=== Goal of the exercise ===
From the first line to the last, print the records exactly, leaving out the pictures.

=== Source material ===
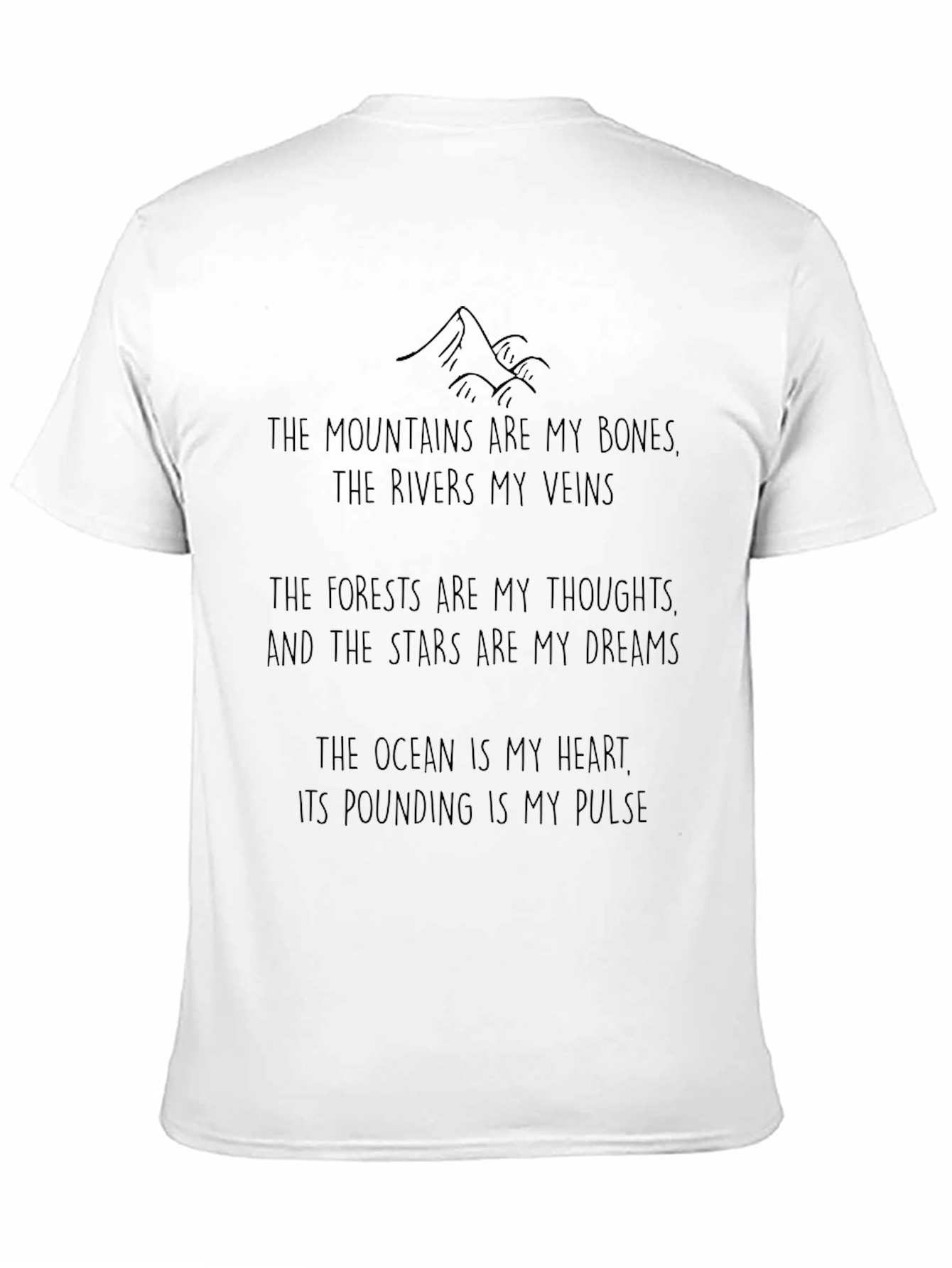 Nature Inspired Statement T-Shirt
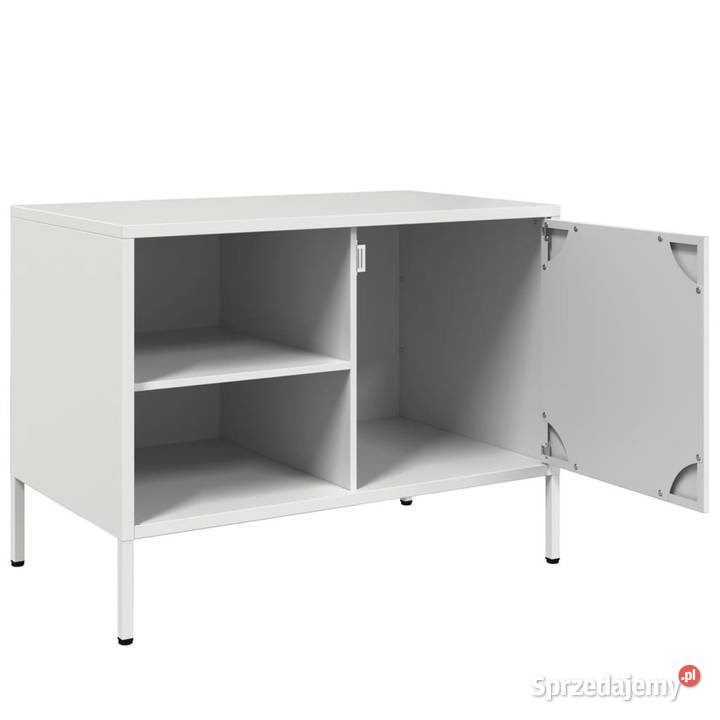 Szafki pod telewizor 2 białe 68x39x505 stalowe Warszawa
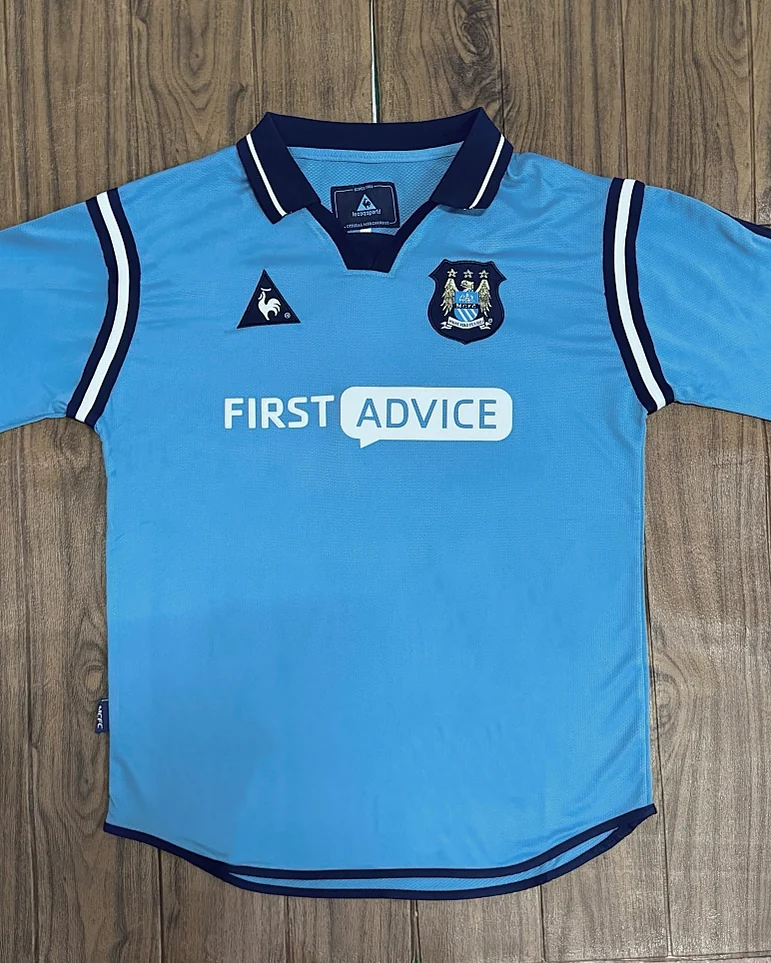 Camisola Retro Manchester City 2002/03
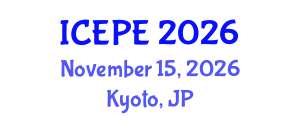 International Conference on Electrical and Power Engineering (ICEPE) November 15, 2026 - Kyoto, Japan International Conference on Electrical and Power Engineering (ICEPE) November 15, 2026 - Kyoto, Japan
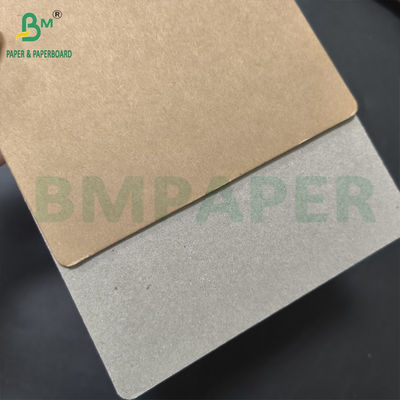Ultra Hard Smooth Kraft Chipboard Paper 1.5mm Bahan Daur Ulang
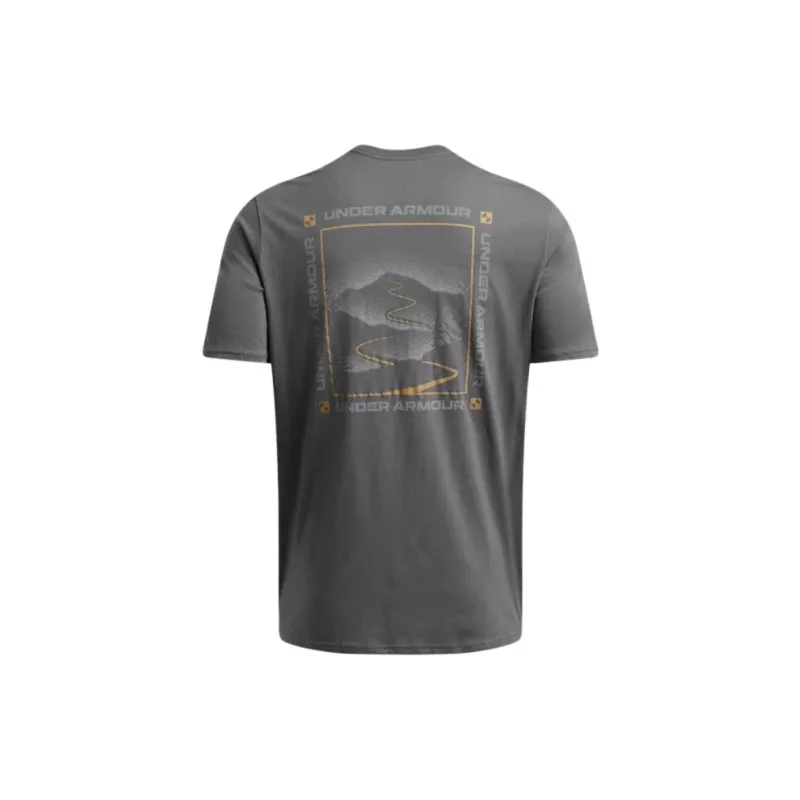 Under Armour Fog Mountains Short Sleeve T-Shirt Men's Gray-1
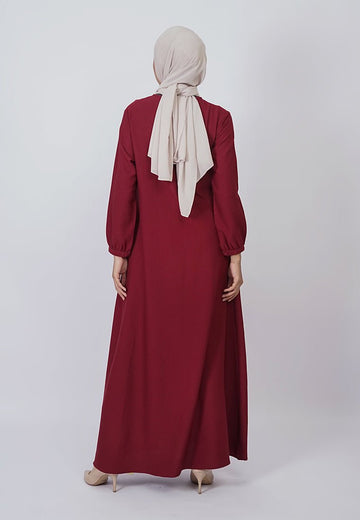 Alea Dress Maroon by Tubita - Tufine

=== Response box ===
 Nature Inspired Statement T-Shirt
 Szafki pod telewizor 2 białe 68x39x505 stalowe Warszawa
 Camisola Retro Manchester City 2002/03
 International Conference on Electrical and Power Engineering (ICEPE) November 15, 2026 - Kyoto, Japan International Conference on Electrical and Power Engineering (ICEPE) November 15, 2026 - Kyoto, Japan
Ultra Hard Smooth Kraft Chipboard Paper 1.5mm Bahan Daur Ulang
 Under Armour Fog Mountains Short Sleeve T-Shirt Men's Gray-1
 Alea Dress Maroon by Tubita - Tufine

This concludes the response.